Afortunadamente, el hospital en cuestión se ha negado, por esta vez, a esta absurda imposición. La demanda, sin embargo, está aún en revisión.
El inmigrante en cuestión se ha quejado formalmente de que el Hospital Estatal del Norte de Salzburgo (CDK) haya rechazado la solicitud de su esposa de recibir atención sólo por parte de médicos y enfermeras femeninas, alegando que supone discriminación y una violación de la dignidad humana.
El medio austriaco Krone tuvo acceso a la denuncia formal del musulmán, presentada ante la oficina de defensa del paciente de Salzburgo, incluyendo una carta detallada en la que exige una disculpa por escrito del hospital y el reconocimiento oficial de que dichas solicitudes de tratamiento específico para cada género son legalmente admisibles y vinculantes. Argumenta que denegar la solicitud de su esposa por motivos religiosos y culturales infringe la legislación austriaca.
“A pesar de mis reiteradas peticiones de que mi esposa sólo fuera tratada por mujeres por razones religiosas, me fue denegada”, se lee en la denuncia. “Lo considero una violación de los derechos humanos y una gran falta de respeto a nuestra cultura y religión. Reiteré repetidamente que mi esposa solicita expresamente ser atendida únicamente por personal femenino, especialmente durante los exámenes íntimos o ginecológicos. Exijo una disculpa por escrito y la confirmación de que esta solicitud es legalmente admisible y será respetada en el futuro”, añadió.

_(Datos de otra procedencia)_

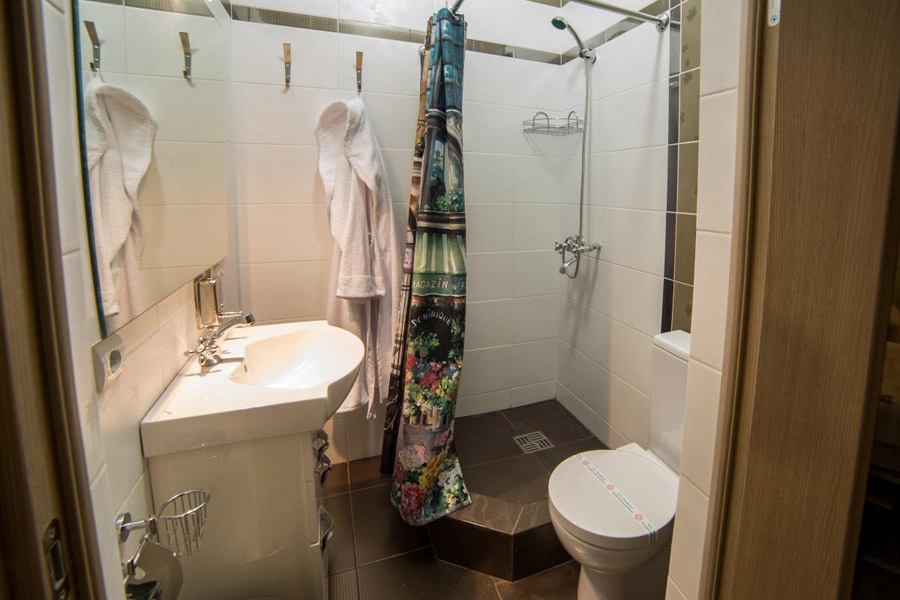 Санузел в стандартном номере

El hospital niega que haya incurrido en infracción alguna. “La atención médica y de enfermería la proporciona personal masculino y/o femenino, según el horario de turnos. La libre elección de médico no está prevista ni es posible en un hospital público”, señala en un comunicado.
El portavoz del hospital, Wolfgang Fürweger, confirmó a Krone la existencia de la denuncia, pero declinó hacer más comentarios, alegando que la investigación está en curso.